July 4th, 2001, when Ian and had been dating about nine months, we invited a bunch of friends to the barn/house I had rented in Stephentown, NY. We were preparing to shoot our independent film, the ill fated but almost-glorious PINK HOUSE. We were nervous and distracted, but happy to be surrounded by friends. It was a sticky New York summer’s day with thick air you feel on your skin. Ian and Kelly were playing guitar. In the middle of, weirdly, an Indigo Girls medley, Ian abruptly stood up, complaining of pain in his back. He lay down while I tried to WASP the whole thing away… nerves, exhaustion or gas. After an unrelenting hour, he begged me to take him to the hospital.

Stephentown is a long way from anywhere.

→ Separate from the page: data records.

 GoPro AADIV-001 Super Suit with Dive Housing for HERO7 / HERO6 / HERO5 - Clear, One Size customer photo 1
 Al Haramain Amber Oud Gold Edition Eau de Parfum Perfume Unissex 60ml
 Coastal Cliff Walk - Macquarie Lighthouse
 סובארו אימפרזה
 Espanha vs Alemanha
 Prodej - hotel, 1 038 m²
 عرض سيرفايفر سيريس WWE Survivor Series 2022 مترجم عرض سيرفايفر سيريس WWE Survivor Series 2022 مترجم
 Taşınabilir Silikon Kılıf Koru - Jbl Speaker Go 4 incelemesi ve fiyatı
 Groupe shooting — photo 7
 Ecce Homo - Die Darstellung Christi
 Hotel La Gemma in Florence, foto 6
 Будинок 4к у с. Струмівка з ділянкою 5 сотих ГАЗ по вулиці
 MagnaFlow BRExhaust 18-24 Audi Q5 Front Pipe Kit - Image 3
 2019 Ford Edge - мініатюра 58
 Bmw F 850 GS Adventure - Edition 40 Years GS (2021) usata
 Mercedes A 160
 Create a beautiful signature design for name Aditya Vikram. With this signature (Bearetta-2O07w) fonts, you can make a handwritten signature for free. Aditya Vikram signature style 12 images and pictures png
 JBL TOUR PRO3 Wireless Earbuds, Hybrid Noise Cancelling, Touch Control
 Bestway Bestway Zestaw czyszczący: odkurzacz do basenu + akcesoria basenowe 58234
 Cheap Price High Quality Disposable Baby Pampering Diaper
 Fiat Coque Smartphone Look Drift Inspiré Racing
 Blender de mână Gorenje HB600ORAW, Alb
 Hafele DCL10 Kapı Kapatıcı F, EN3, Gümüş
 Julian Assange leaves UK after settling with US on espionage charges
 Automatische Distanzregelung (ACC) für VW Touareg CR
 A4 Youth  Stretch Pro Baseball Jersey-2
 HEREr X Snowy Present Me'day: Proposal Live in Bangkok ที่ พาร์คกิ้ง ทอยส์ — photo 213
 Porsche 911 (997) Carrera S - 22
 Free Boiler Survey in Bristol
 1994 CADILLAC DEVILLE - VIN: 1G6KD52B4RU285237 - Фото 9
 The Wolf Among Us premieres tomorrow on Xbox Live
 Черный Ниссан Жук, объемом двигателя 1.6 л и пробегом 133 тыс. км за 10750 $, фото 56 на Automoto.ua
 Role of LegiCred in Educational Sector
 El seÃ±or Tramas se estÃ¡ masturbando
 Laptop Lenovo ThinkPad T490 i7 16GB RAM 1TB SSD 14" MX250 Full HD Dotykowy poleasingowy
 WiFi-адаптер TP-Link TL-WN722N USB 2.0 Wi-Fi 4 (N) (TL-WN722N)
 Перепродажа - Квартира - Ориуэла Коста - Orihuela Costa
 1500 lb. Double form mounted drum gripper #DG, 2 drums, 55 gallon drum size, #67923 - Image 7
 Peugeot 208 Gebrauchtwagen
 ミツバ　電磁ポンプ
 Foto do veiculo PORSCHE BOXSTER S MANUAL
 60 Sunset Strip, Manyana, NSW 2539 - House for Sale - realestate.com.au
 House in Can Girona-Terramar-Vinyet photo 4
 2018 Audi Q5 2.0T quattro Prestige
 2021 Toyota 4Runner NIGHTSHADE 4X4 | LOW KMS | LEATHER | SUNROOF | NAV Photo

Or, more to the point, anywhere with a hospital. This was a pre-GPS world, and you just had to KNOW where a hospital was. I could get us to Pittsfield and then I kinda, sorta thought I might have seen a hospital. Once. But, basically, I was relying on my bat sensors.

When we were cresting the small mountain pass between New York and Massachusetts, I looked over to Ian, squirming and seething with pain. Normally, my guy has the strapping ruddy complexion of Welsh sailor. But in that moment, I could see EVERY freckle in his face and I knew we were in serious trouble.

Swimming up from the bottom of his misery, he asked me how much longer. With all my sober love, I said, “It’s going to be a while, honey. At least fifteen minutes. Hang in there. I will get you there as soon as I can.” While secretly, I was hoping beyond hope that I could intuit my way to the ER.

Turns out, he had a kidney stone and they were able vanquish the pain handily. He professed his love to me in an opiate haze as we heard fireworks in the distance.

About a week later, Ian said, “Remember when you told me we were 15 minutes away from the hospital.” “Of course,” I answered, proud of my loving calm in that stressful moment. “That sucked.”

Apparently, one of the first things you’re taught as a lifeguard is to tell the drowning guy that he’s almost to shore… you’re really close, it’s right over there, just another minute.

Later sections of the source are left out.